In Prey (2006) the kidnapped girlfriend has been hideously mutilated and fused with a monster, and you must fight her whilst she screams for help. She then begs to be killed, and you cannot advance in the game until you shoot her in the face. These women subordinate themselves and submissively accept their grisly fates, often begging the protagonist to perform violence on them - giving the player and the male hero complete power.  These euthanised damsels are part of a larger trend in games narratives where the protagonists are forced to fight their own loved ones, such as God of War: Ghost of Sparta (2010) Shadows of the Damned (2011) and Ninja Gaiden 3 (2012). Violence is therefore used against women as a way to bring them back to their senses, and framed as an altruistic act performed by the protagonist to help the female character out.

These gaming plot devices and tropes cannot be divorced from the larger cultural context of the real world. Research consistently shows that people buy into the myth that women are to blame for violence perpetrated against them, and that they somehow ask for it. These games do not explicitly condone violence, but they do trivialise and exploit female suffering to raise the emotional stakes for the player.

However, it should not be seen as some kind of male gaming conspiracy that all women are being designed like this for this reason, it is possible that many designers and developers just don't see the underlying message. Many are backed into a corner, as in many games violence is the only meaningful mechanic in which to complete a game.

Regressive attitudes and harmful gender stereotypes are maintained and perpetuated unintentionally in this way.
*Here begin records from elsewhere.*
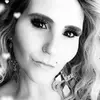 Chante Bell - @cocochantal40 - TikTok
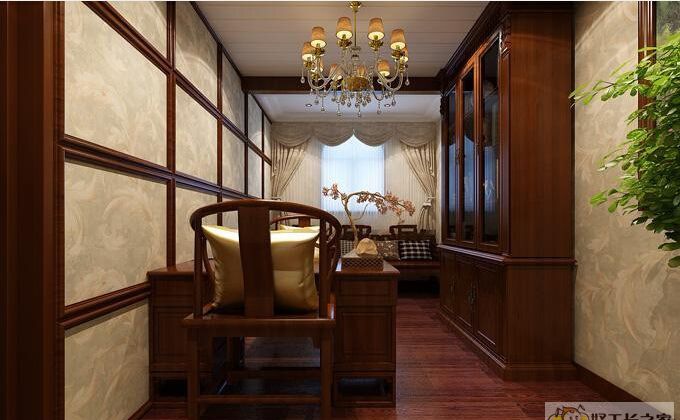 �����������ƹ���װ��Ч��ͼ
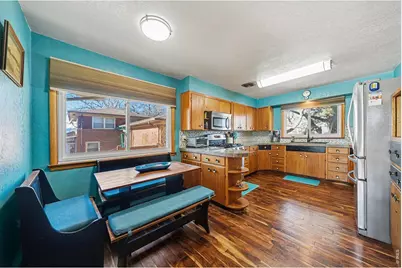 1210 W 6th St, Loveland, CO 80537 - Photo 22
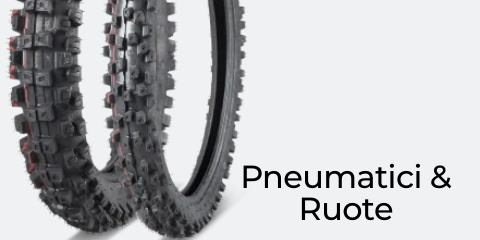 Shop Tyres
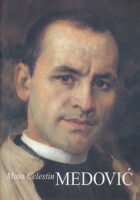 Mato Celestin Medović (Kuna 1857 - Sarajevo 1920) HRV-ITA-ENG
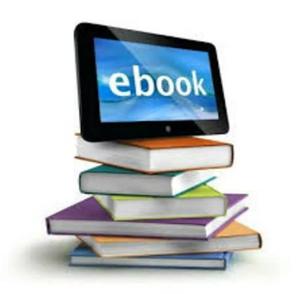 Libros Y Novelas Digitales Dossier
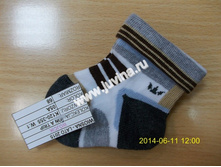 DSCN8317 (����������).jpg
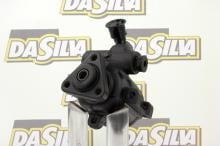 DA SILVA S.A.S. DP2049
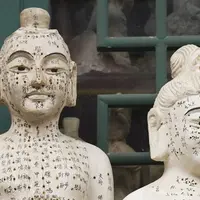 Клинический разбор пациентов. Семинар № 14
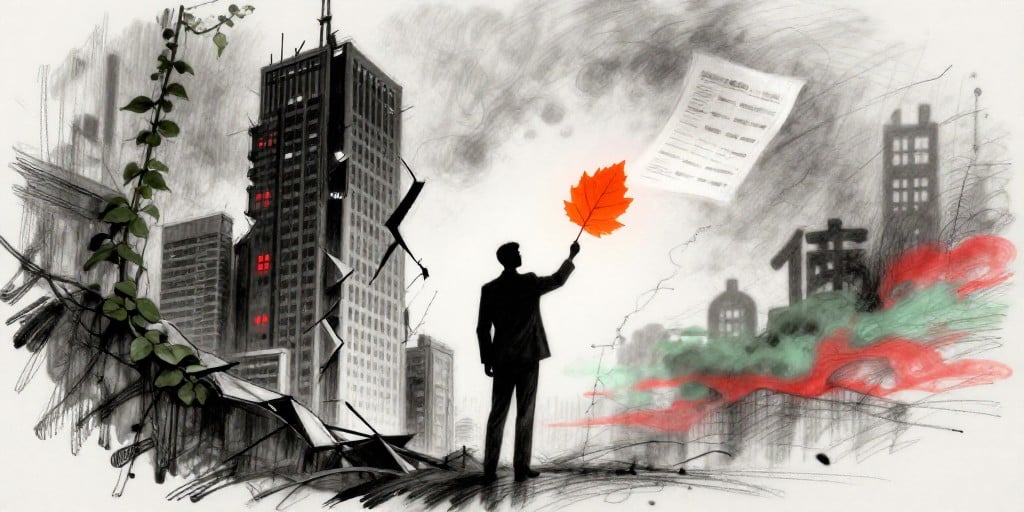 Mathew Dennis Trims Shares Amid Optimum Communications' Debt‑Restructuring Drama—New Insider Buyers Raise Eyebrows Mathew Dennis Trims Shares Amid Optimum Communications' Debt‑Restructuring Drama—New Insider Buyers Raise Eyebrows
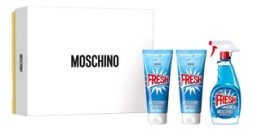 Moschino Fresh Couture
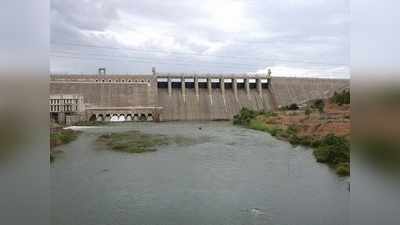 உச்சம் தொடப் போகிறது பவானிசாகர் அணை; அதுவும் இத்தனை ஆண்டுகளுக்கு பிறகு!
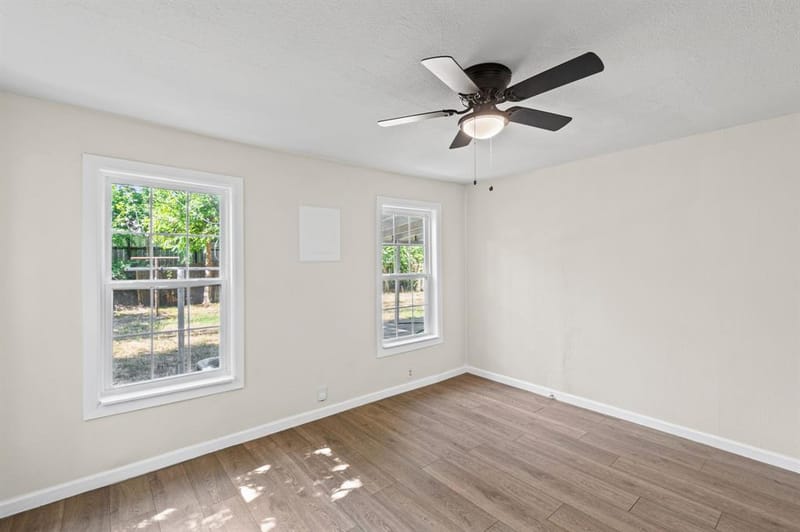 3316 Hazeline Road, Fort Worth TX 76103 - Photo 22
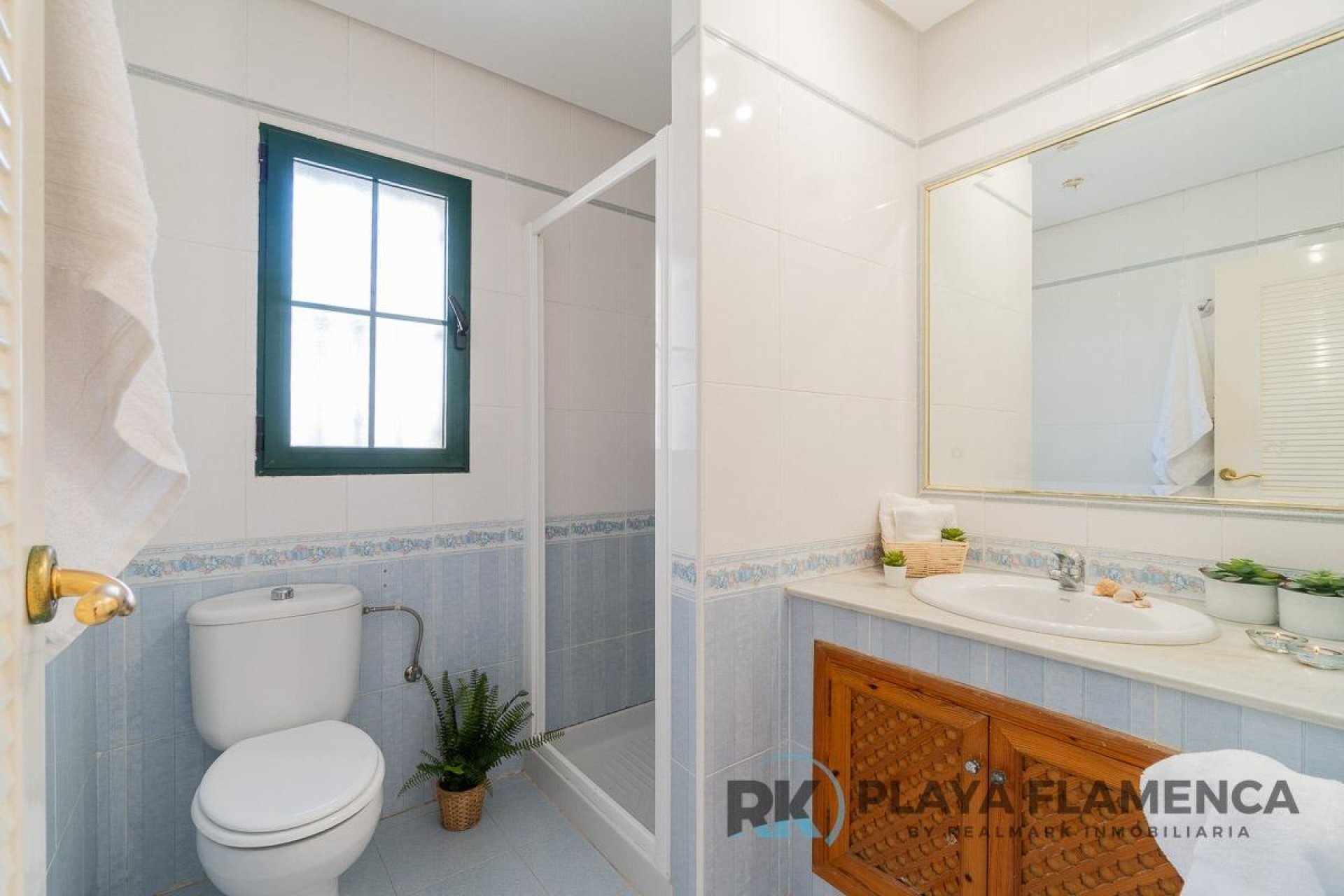 Resale - Villa -
Orihuela Costa - Villamartín-Las Filipinas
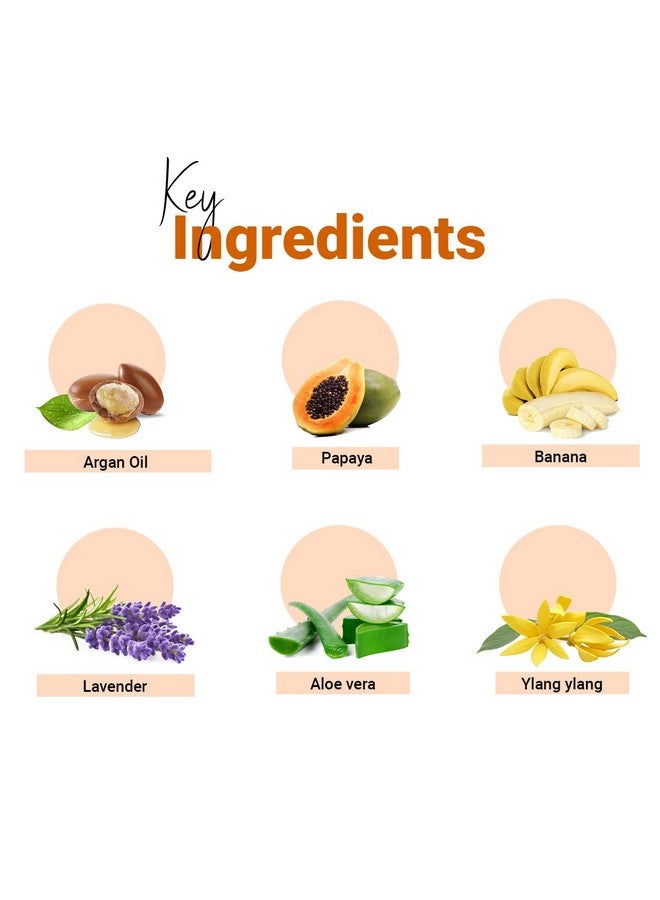 Vedic Line Vedicline Daily Hydration Booster Kit With the Goodness of Fruits and Nuts, makes Skin Hydrated & Nourished (410ml) - Image 3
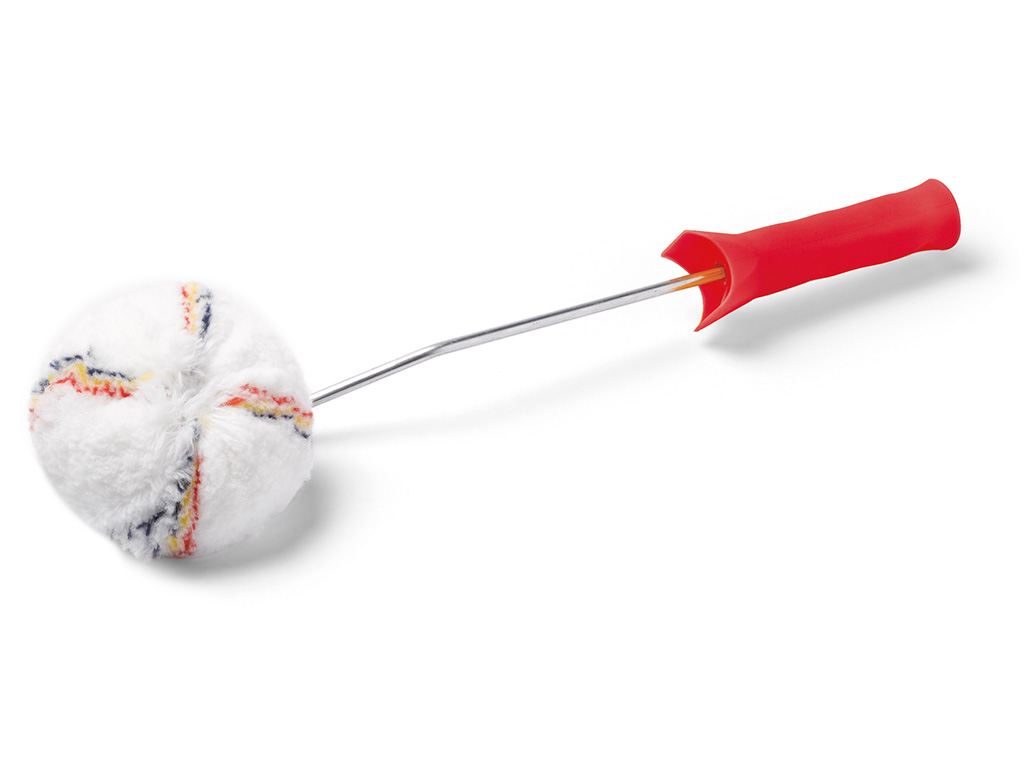 Eckenroller Top-Line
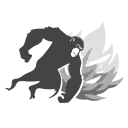 Blastora logo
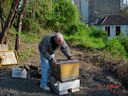 2003-04-Premier rucher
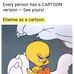 Etienne Hivling Scott - Facebook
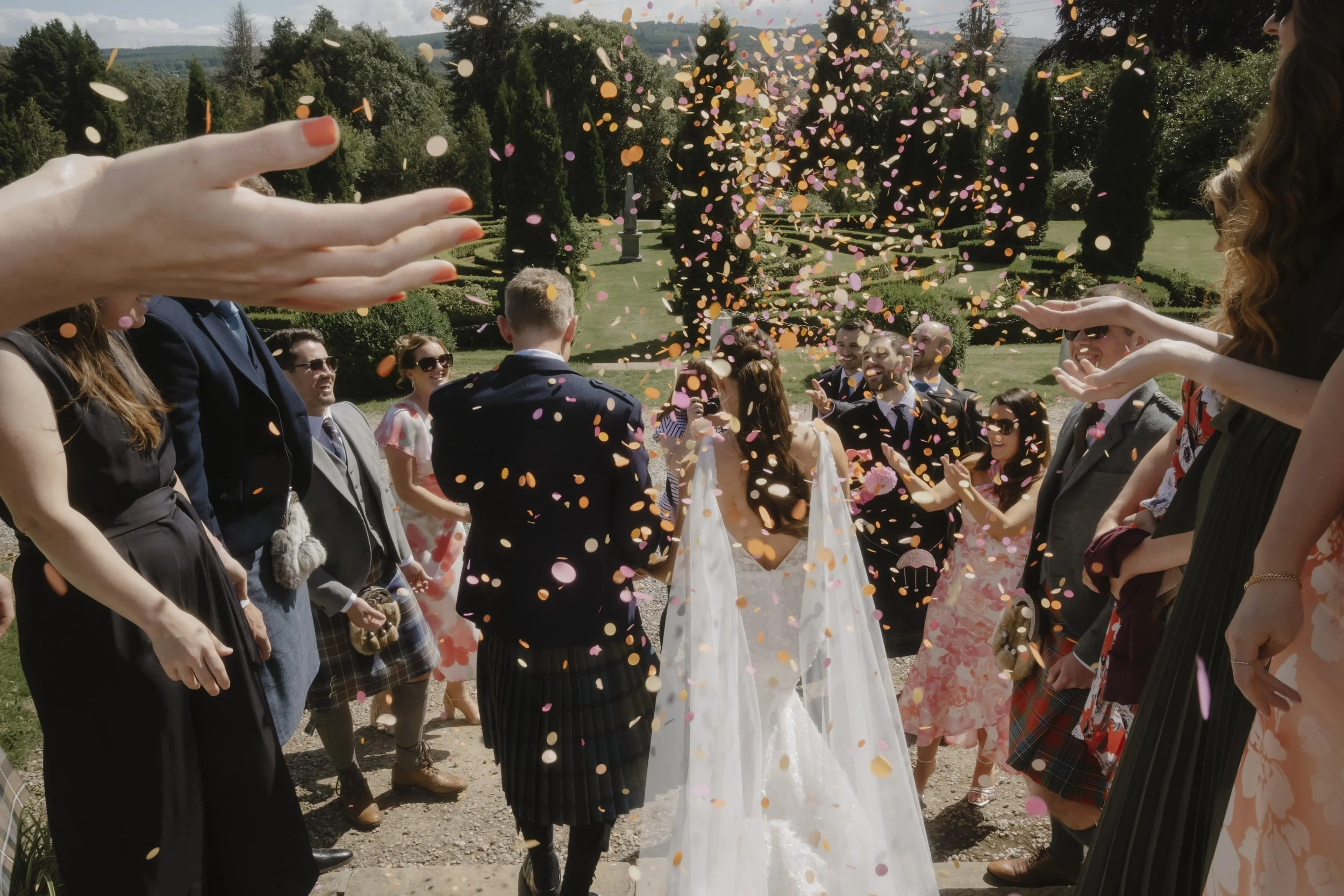 222-2024-08-04Kirsty+Josh_.jpg (Copy)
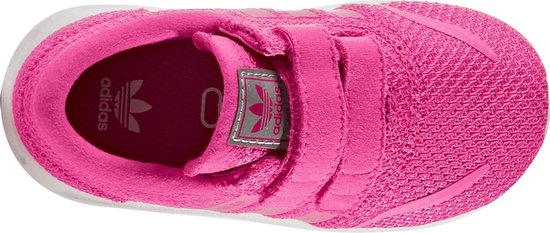 adidas schoenen maat 23 adidas schoenen maat 23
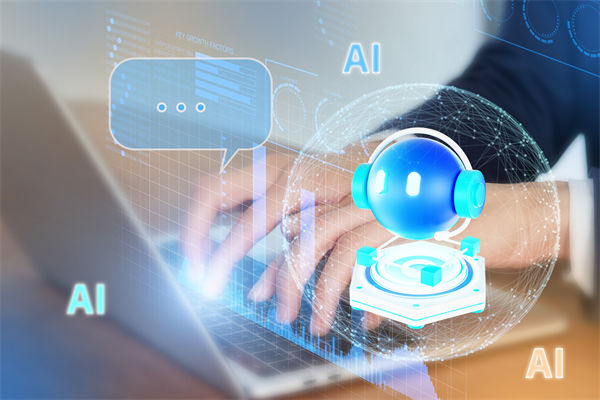 缺人！需求近百萬(wàn)，崗位也超多，這是什么情況？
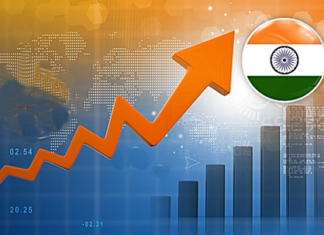 India’s demographic strength and diversity create distinctive global advantages India’s demographic strength and diversity create distinctive global advantages
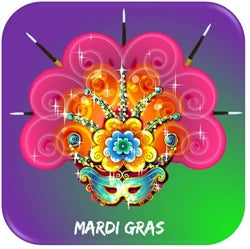 Mardi Gras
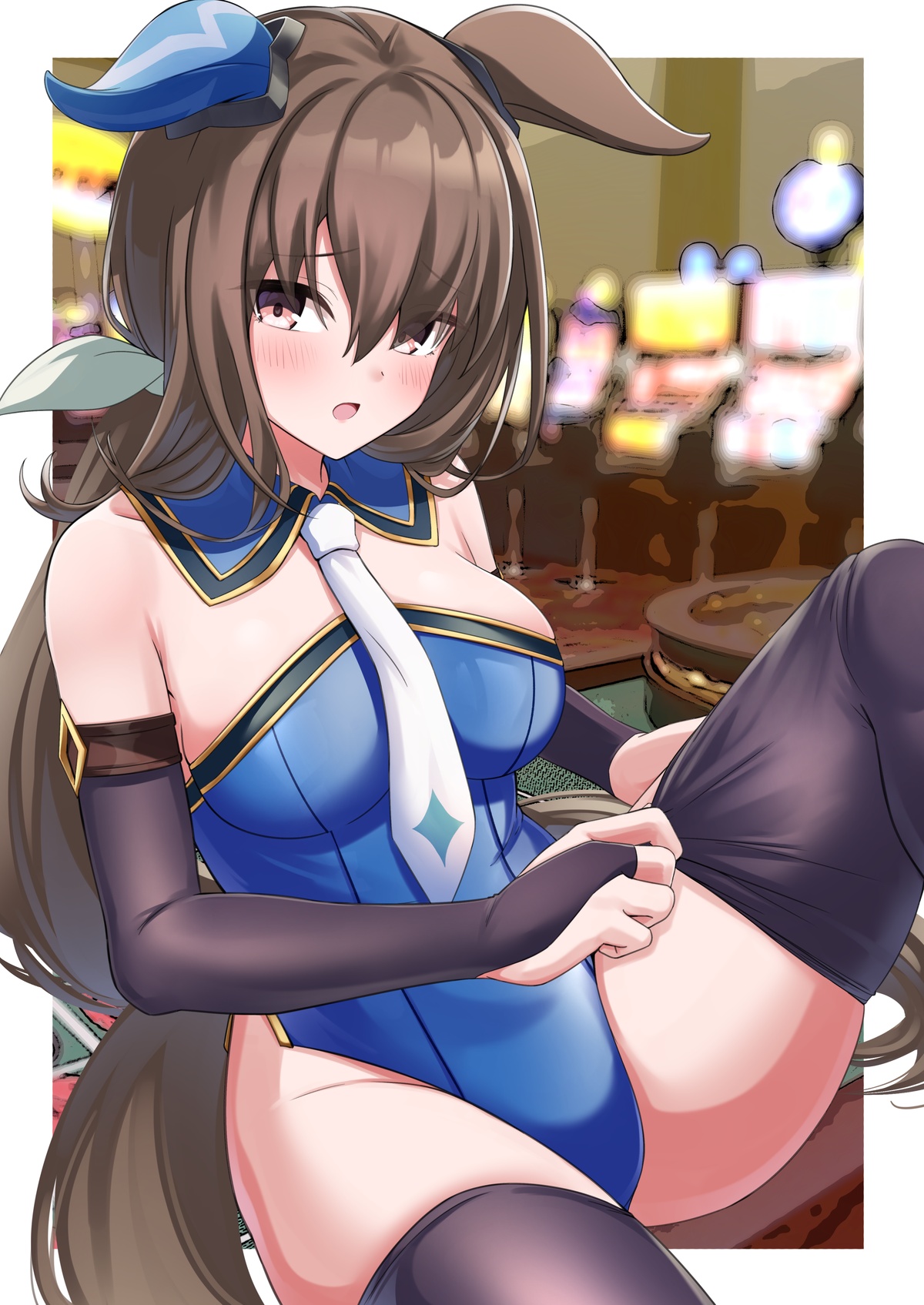 [Fanbox]Herohero 图片编号 55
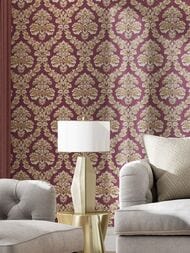 ���� ��������� Kerama Marazzi ������� ����� (1,06�10,05) ������� KM5505 (���.)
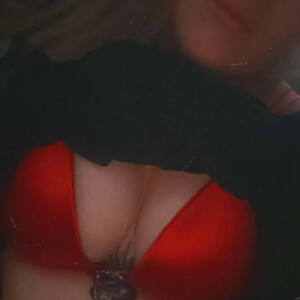 Sunnymary MYM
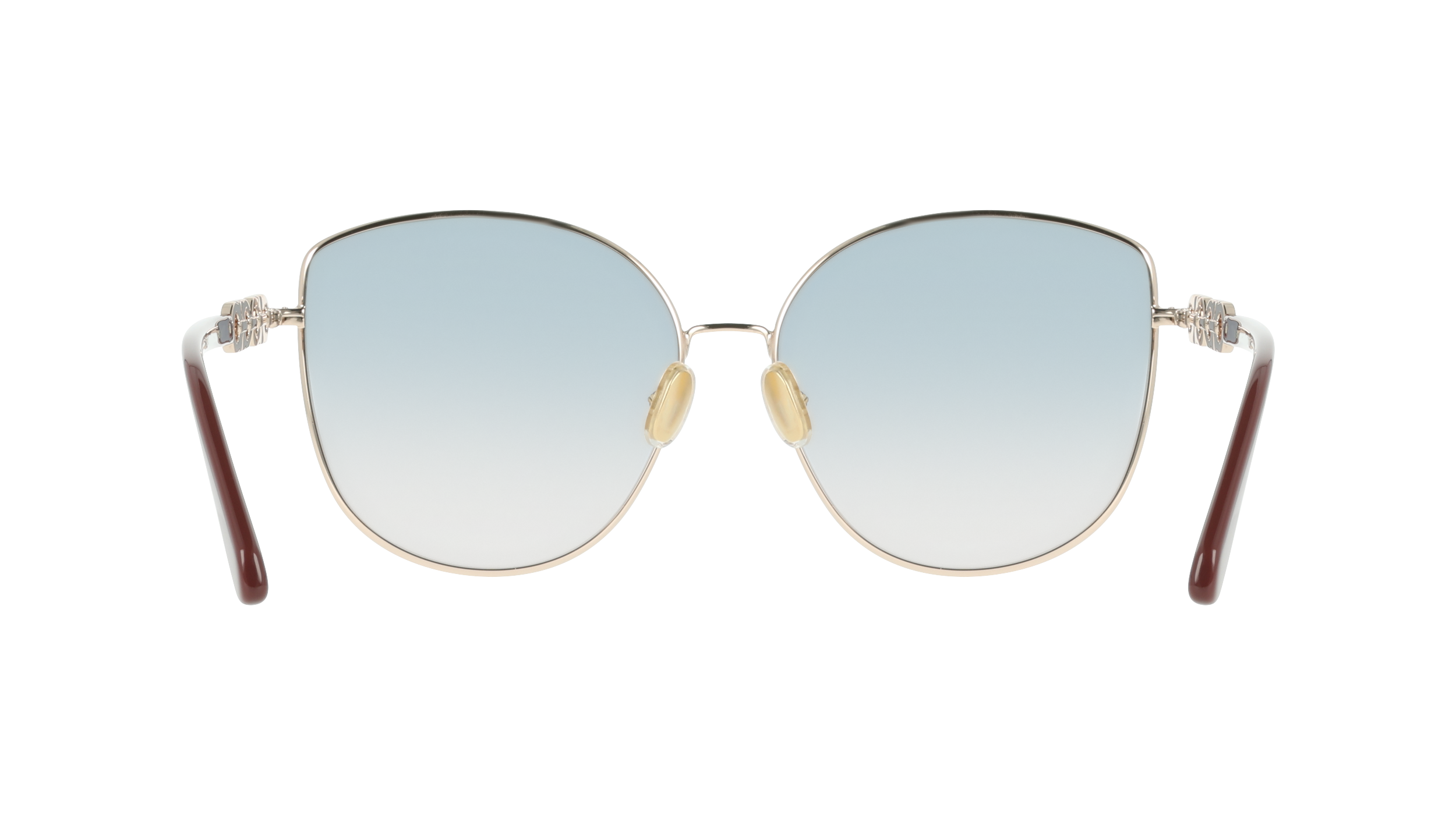 Ferragamo SF339S 774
Obviously, these games do not automatically make the people who play them sexist, as media is not consumed in a monkey see, monkey do fashion. It is much more subtle and complex, but narratives do have a cultivation effect that helps to shape cultural attitudes and reinforce dominant gender stereotypes.

Despite these damsels being the motivation for the protagonist's mission, this does not mean that the stories are about women, these are still definitely male centred stories. And in these games, often the female's death is far more significant than her life. She is merely a symbol of an artificial feminine ideal. Unjustly taken from the male hero, she is simply his possession, and the subtext of these narratives is actually not about the female and her suffering, it is about the male's weakness or guilt stemming from his failure to live up to his socially prescribed patriarchal duty to protect his wife and child. So the perceived loss of masculinity therefore becomes the driving force for his quest, in which he is attempting to regain his masculinity by exerting dominance or control through violence. This also harms men, as it limits the responses men are allowed to have in difficult situations involving tragedy and loss.

The problem is not that females die or suffer, death is an integral part of life and of storytelling, but it is how they are written and framed. Some indie games such as Dear Esther (2012) Passage (2007) and To the Moon (2011) are more innovative, contemplative and nuanced in their depictions of these issues, but they are still the exception to the rule.